* _Required work_
Write down each of the records again, exactly and in full.

* _The data_

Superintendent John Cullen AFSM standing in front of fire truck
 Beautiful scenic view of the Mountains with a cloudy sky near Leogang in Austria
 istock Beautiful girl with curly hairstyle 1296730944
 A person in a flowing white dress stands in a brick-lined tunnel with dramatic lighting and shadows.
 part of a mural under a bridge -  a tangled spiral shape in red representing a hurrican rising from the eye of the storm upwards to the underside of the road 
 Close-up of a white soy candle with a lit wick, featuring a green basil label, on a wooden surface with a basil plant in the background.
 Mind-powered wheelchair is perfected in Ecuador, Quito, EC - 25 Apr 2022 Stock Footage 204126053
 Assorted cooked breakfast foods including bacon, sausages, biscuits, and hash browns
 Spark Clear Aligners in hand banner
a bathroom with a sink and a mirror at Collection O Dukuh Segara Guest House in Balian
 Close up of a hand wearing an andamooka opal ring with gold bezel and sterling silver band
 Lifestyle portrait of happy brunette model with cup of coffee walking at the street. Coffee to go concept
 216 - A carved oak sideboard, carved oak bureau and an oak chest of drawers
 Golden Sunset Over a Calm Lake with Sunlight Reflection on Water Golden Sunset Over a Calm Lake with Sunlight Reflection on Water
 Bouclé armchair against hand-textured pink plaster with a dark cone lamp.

* _Written response_
Superintendent John Cullen AFSM standing in front of fire truck
 Beautiful scenic view of the Mountains with a cloudy sky near Leogang in Austria
 istock Beautiful girl with curly hairstyle 1296730944
 A person in a flowing white dress stands in a brick-lined tunnel with dramatic lighting and shadows.
 part of a mural under a bridge -  a tangled spiral shape in red representing a hurrican rising from the eye of the storm upwards to the underside of the road 
 Close-up of a white soy candle with a lit wick, featuring a green basil label, on a wooden surface with a basil plant in the background.
 Mind-powered wheelchair is perfected in Ecuador, Quito, EC - 25 Apr 2022 Stock Footage 204126053
 Assorted cooked breakfast foods including bacon, sausages, biscuits, and hash browns
 Spark Clear Aligners in hand banner
a bathroom with a sink and a mirror at Collection O Dukuh Segara Guest House in Balian
 Close up of a hand wearing an andamooka opal ring with gold bezel and sterling silver band
 Lifestyle portrait of happy brunette model with cup of coffee walking at the street. Coffee to go concept
 216 - A carved oak sideboard, carved oak bureau and an oak chest of drawers
 Golden Sunset Over a Calm Lake with Sunlight Reflection on Water Golden Sunset Over a Calm Lake with Sunlight Reflection on Water
 Bouclé armchair against hand-textured pink plaster with a dark cone lamp.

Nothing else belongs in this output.